In fact, of course, the author is not a fool and knows perfectly well that in this postmodern age the three options he puts before us are not the only ones. He acknowledges that there are now plenty of "would-be clever thinkers" who would contend that science is true in its own way but that that doesn't mean that theology is not also true in its own different way. "Plenty of room for confusion of thought, here" is Wilson's only comment. I am sure that if Wilson had attempted to discuss this there would indeed have been plenty of confusion — but deliberately so.
It is surely very significant for appreciating the animus of this book that Wilson makes no attempt at all to examine in any sort of sustained way the one towering thinker of the 19th century who not only refused to accept that the options Wilson claims were the only possible ones, but who also provided a way forward for orthodox Christians on all the problematic areas identified by Wilson as fatal to religious belief.
Such references as there are to John Henry Newman are contemptuous and sneering, except for one passing, and quite inconsistent, remark to the effect that he was a genius. But it is not so inconsistent as the message to the reader that he was a dishonest knave: "it is not easy to forgive men such as Pusey and John Henry Newman who...committed the sin against the Intellect which is surely, in the world of the university, the equivalent of the sin against the Holy Ghost".
Three decades before the Grammar of Assent, Newman was already expounding in the Oxford University Sermons a philosophy of religion which anticipates a 20th century philosopher like Alvin Plantigina, not to mention Wittgenstein's concept of "language games". Newman saw clearly and without dismay that the traditional proofs for God's existence were certainly not logical or scientific proofs. But that doesn't mean that they are not convincing arguments which entitle us to be certain of God's existence. If rationality is to be confined to what is logically or scientifically verifiable, then it is not only religion which suffers; it would be impossible for a man to say that he knows his wife loves him.

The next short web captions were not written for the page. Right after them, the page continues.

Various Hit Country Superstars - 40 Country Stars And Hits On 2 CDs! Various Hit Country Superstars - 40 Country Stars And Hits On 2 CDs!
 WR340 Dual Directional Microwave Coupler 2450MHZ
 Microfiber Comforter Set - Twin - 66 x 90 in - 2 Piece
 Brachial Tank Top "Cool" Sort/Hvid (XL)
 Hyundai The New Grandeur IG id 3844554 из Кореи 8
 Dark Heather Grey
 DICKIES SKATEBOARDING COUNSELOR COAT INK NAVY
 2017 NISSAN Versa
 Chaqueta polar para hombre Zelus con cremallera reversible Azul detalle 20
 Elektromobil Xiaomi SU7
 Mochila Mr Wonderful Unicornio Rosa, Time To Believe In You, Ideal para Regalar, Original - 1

Apart from deploring the "imperialism" of science's successful attempt to impose its own criteria of verification on wholly alien subjectmatters — an imperialism which he freely admitted theologians had been guilty of when dealing with Galileo Newman saw no reason why evolution was incompatible with creation: if God had chosen to create human beings in that way, then it only concurred with his understanding of the way the Christian "idea" unfolded by development through the ages. As for the geologists and the Biblical critics, not only was Newman wary of swallowing every new theory as if it were Gospel truth, but he also was one of the first to appreciate that the Bible was meant to teach religious or theological truths, not history or science.
OW THAT THE DUST
raised by the storms of the last century has settled, it is much easier to appreciate that orthodoxy is not the same as fundamentalism. And AN Wilson should stick to writing novels instead of spouting fictitious nonsense such as that thinking Catholics no longer believe that Jesus instituted the Eucharist or in the existence of hell. Nor were 20th century converts like Chesterton and Waugh ("minds of great delicacy and genius") converted to the Catholic modernism that Wilson favours, any more than TS Eliot was a "Modernist".
Wilson stresses that 19th century unbelief was caused by new "facts", not arguments. Well, he should pay attention to the fact that a large number of people in this century, including philosophers and scientists of far more intellectual distinction than himself, are orthodox believers.